In a broader sense, Rembrandt is fascinated with the guises of mood. His etched self-portraits have him jovial, raucous, sullen, calm, puzzled, studious, and surprised.
His Biblical paintings, too, show the whole spectrum of human morality with empathy and compassion. He depicts salvation with sin in mind, and sin with the knowledge that redemption is possible.
Montaigne, in his assertion that “Anyone who turns his prime attention onto himself will hardly ever find himself in the same state twice” is thinking along the same lines as Rembrandt.
He is thinking along the same lines as Shakespeare too. Shakespeare’s protagonists have that same restlessness to their identities, the same three-dimensionality, even to the point of paradox. This is perhaps most true of Hamlet. Shakespeare’s probing of Hamlet’s identity and fascination with acting runs parallel with the work of Rembrandt.
Hamlet is best described in terms of his contradictions- the same contradictions described by Montaigne and depicted by Rembrandt. Hamlet is both the noble philosopher loyal to his father and with an acute sense of duty, and the cruel and sexually-obsessed narcissist. He has his name to the intensely philosophically poignant ‘To Be or Not To Be’ , arguably the most famous speech in the English language, and yet many of his remarks are blatantly lewd and bawdy. Overthinking renders him incapable of enacting his revenge, and yet he is equally capable of rash and thoughtless action. He is sometimes anarchically funny (at the expense of others), but this comes as a jarring contrast to the moments when his tragic qualities come to the fore.
He’s a character whose identity is always in flux: it is perhaps no coincidence that Shakespeare was a contemporary of Montaigne. Shakespeare, like Rembrandt, is exploring the changeability, the unpredictability, the chiaroscuro, of the human soul.

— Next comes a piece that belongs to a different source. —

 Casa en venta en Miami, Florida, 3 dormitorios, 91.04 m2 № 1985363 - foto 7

This is true outside the play itself- there have been as many different interpretations of Hamlet as there are aspects to his character.
‘Hamlet’ shows Shakespeare to be as fascinated by identity as Rembrandt- and in the same way, as fascinated with acting and guise. Like Rembrandt, he demonstrates how show and authenticity can overlap. Hamlet’s famous ‘antic disposition’- his feigned madness- rather than leading him to put on a false persona, instead gives him the license to say and do exactly what he wishes. Therefore it becomes increasingly clear that his actions are the products of freedom from inhibition. Like Rembrandt’s portraits, the performance becomes a platform, rather than a concealment, for his true identity.

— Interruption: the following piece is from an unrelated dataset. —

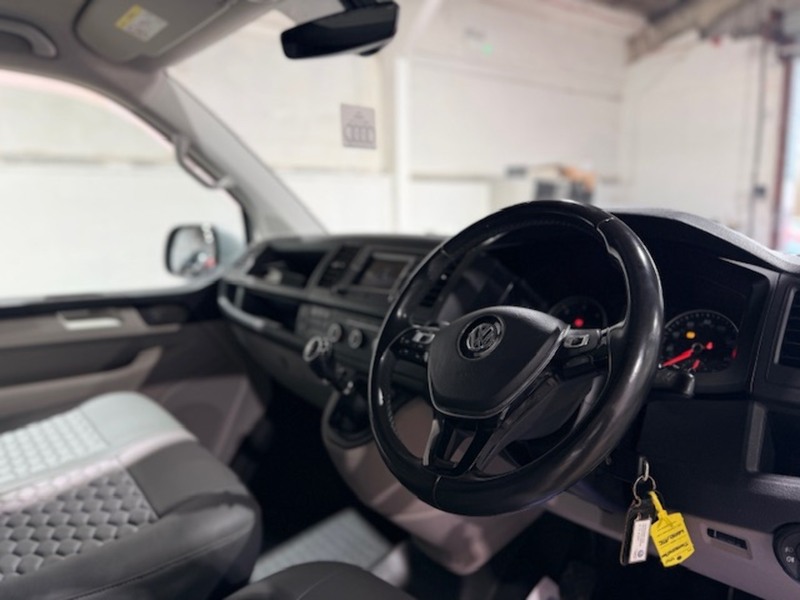 Used Volkswagen Transporter 2017 for sale - 77655775: Photo 14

Hamlet is also preoccupied with deception versus authenticity in others. He challenges the true nature of his father’s ghost, wonders at the hypocrisy of the king, and undermines the integrity of his mother’s mourning for her dead husband.
“The spirit that I have seen/ May be a devil- and the devil hath power/ T’assume a pleasing shape”

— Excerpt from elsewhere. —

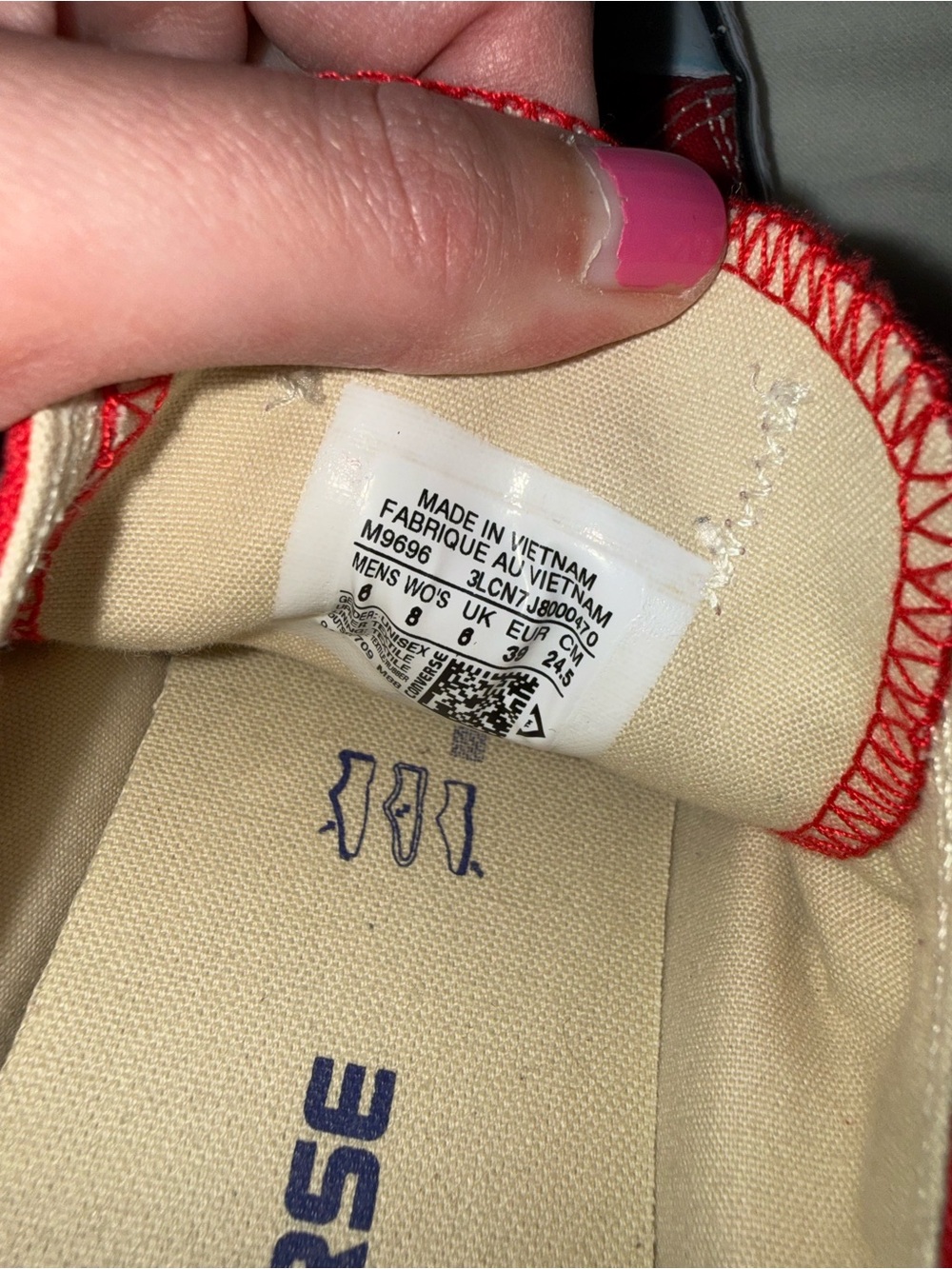 Red Converse - Picture 5 of 5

“…one may smile, and smile, and be a villain.”
“..a beast that wants discourse of reason/ Would have mourned longer…”
The Players form a crucial part of the play because they reflect this preoccupation. When they arrive at court, Hamlet shows “a kind of joy”. He remarks again on the integration of fiction and reality, saying that the players should “hold a mirror up to nature.” In their pretence, they should reveal reality.
One of Hamlet’s most famous lines is the simple exclamatory- “what a piece of work is a man!” This endless fascination with what it means to be an individual makes Rembrandt and Shakespeare two of the greatest chroniclers of the human condition- in all of its complexity.